As part of transparency measures, the state has also released the data sheets behind the Herculean effort, down to the individual tally sheets that pairs of auditors used to track their counts.

State officials said the full manual hand count would help Georgians have faith in the outcome, especially after President Donald Trump and other top Republicans have launched baseless attacks on voting systems and processes in states that he lost.

"For those folks that are questioning the accuracy of the Dominion voting system, that's why we decided to do a hand count," Georgia Secretary of State Brad Raffensperger said Thursday morning in an interview with GPB News. "We weren't relying on that QR code, we weren't relying on the scanner, we were relying on the human readable text. And that's what we did: we put that to bed."

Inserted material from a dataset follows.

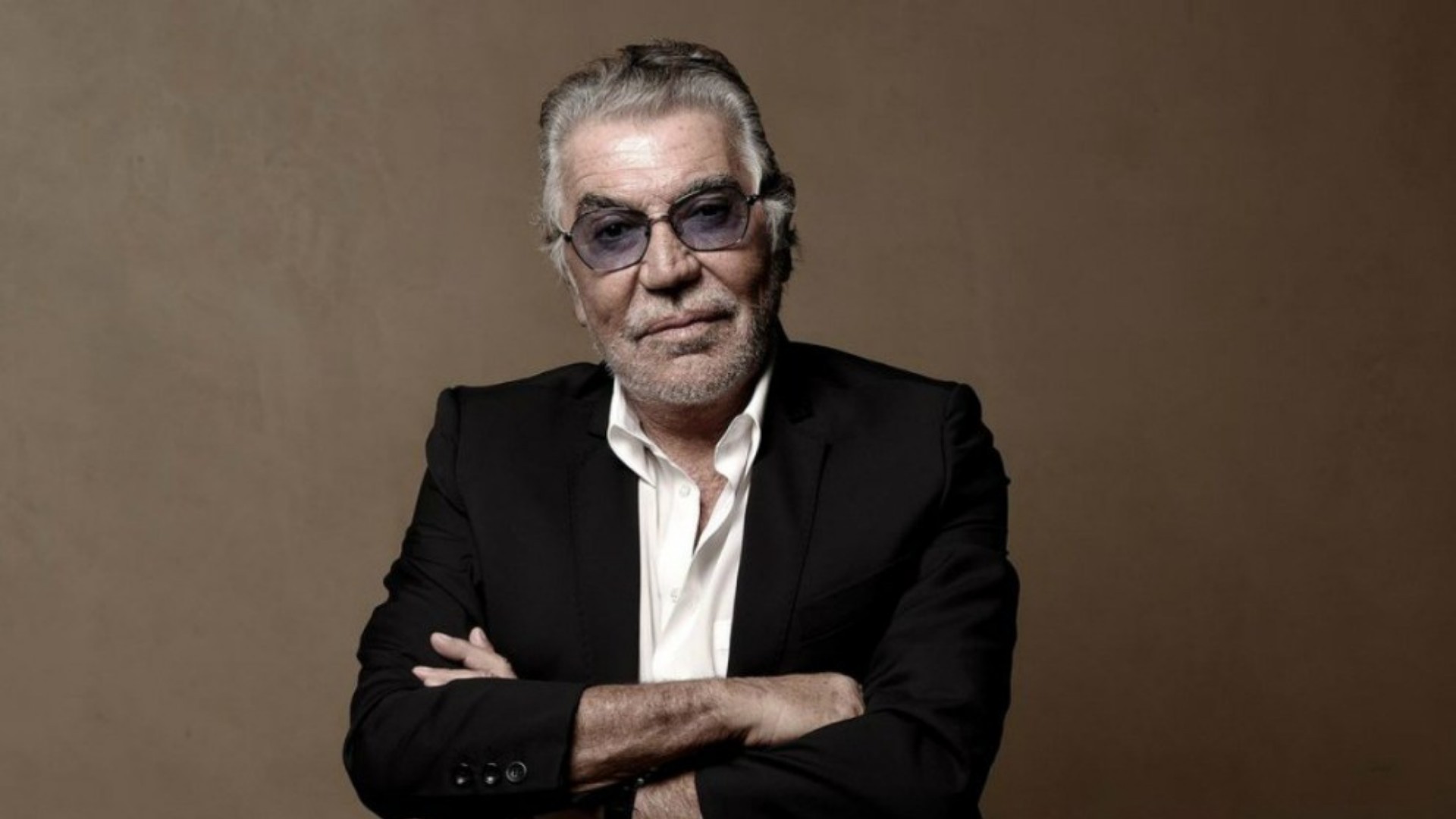Personaggi Famosi - Roberto Cavalli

Raffensperger said that while he as a Republican wished the outcome were different, the outcome he will certify on Friday would be "accurate and true results."

"These will be the results, and it will be what it is just because that is the will of the Georgia voter," he said. "I can't say it any more calmly than that, because I know that emotions have been spun up and my job is to report facts." 

Raffensperger has until Friday to certify the results, and the Trump campaign has until Tuesday, two business days after certification, to request a full machine recount that will see those 5 million ballots counted again through high-speed scanners.